**EXERCISE PROMPT**
Leaving out every picture, copy the lines of the data exactly, from the first through the line containing "Comme des Garcons COMME".
====== DATA EXCERPT
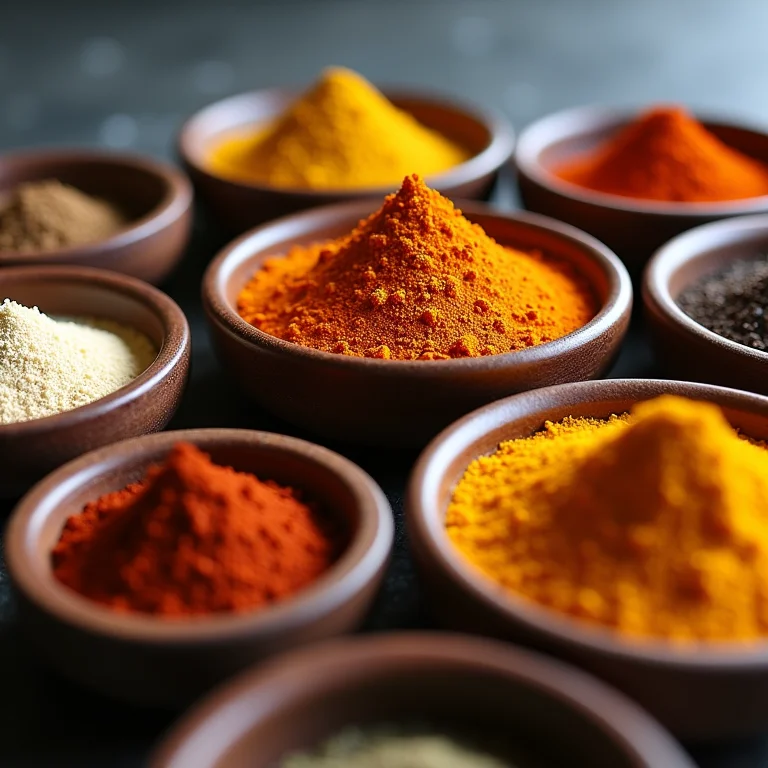 Perfil de sabor do cominho e temperos relacionados em potes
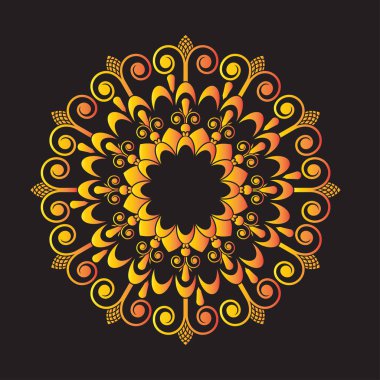 Muhteşem eşsiz mandala arka plan altın şablon vektör deseni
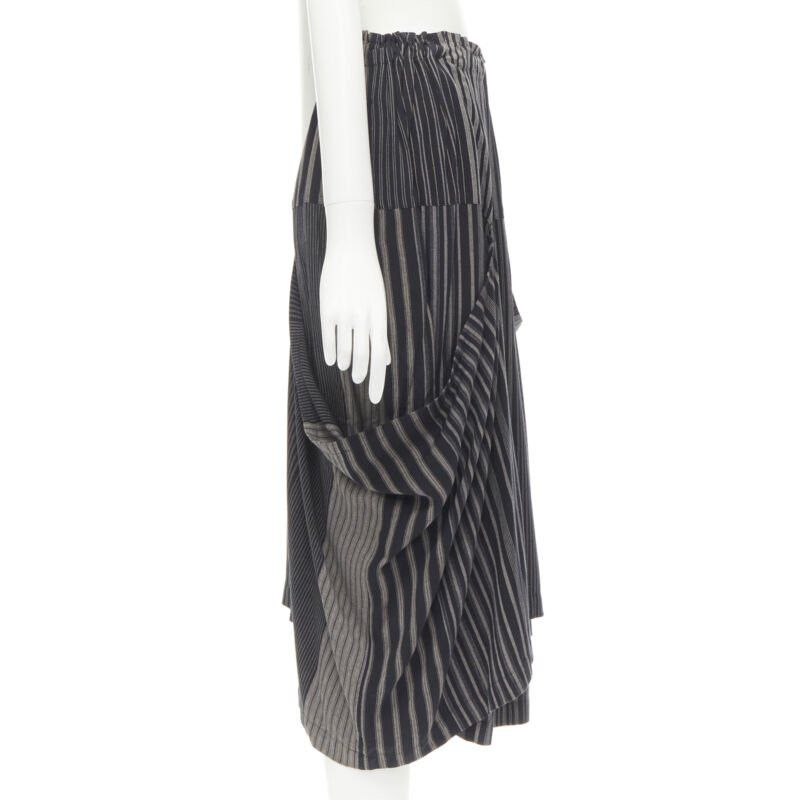 Comme des Garcons COMME DES GARCONS 1980's Vintage grey stripes deconstructed draped layered skirt Size 27" / US 4 / IT 40 - 3 Thumbnail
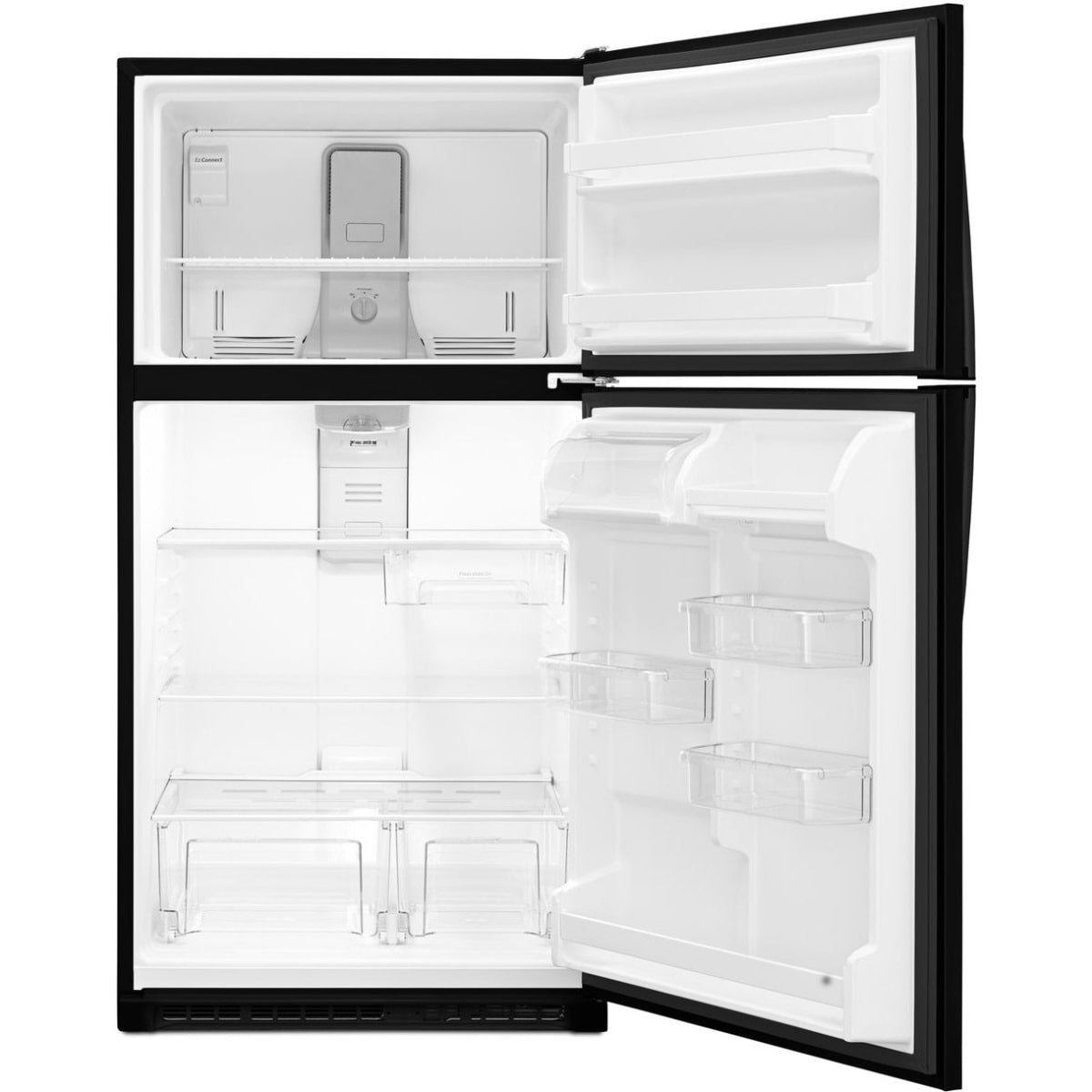 WRT311FZDB Whirlpool 20.5 cu. ft. Top Freezer Refrigerator with Frameless Glass Shelves, Humidity-Controlled Crispers, LED Interior Lighting (Black)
============
**RESPONSE TO THIS EXERCISE**
 Perfil de sabor do cominho e temperos relacionados em potes
 Muhteşem eşsiz mandala arka plan altın şablon vektör deseni
 Comme des Garcons COMME DES GARCONS 1980's Vintage grey stripes deconstructed draped layered skirt Size 27" / US 4 / IT 40 - 3 Thumbnail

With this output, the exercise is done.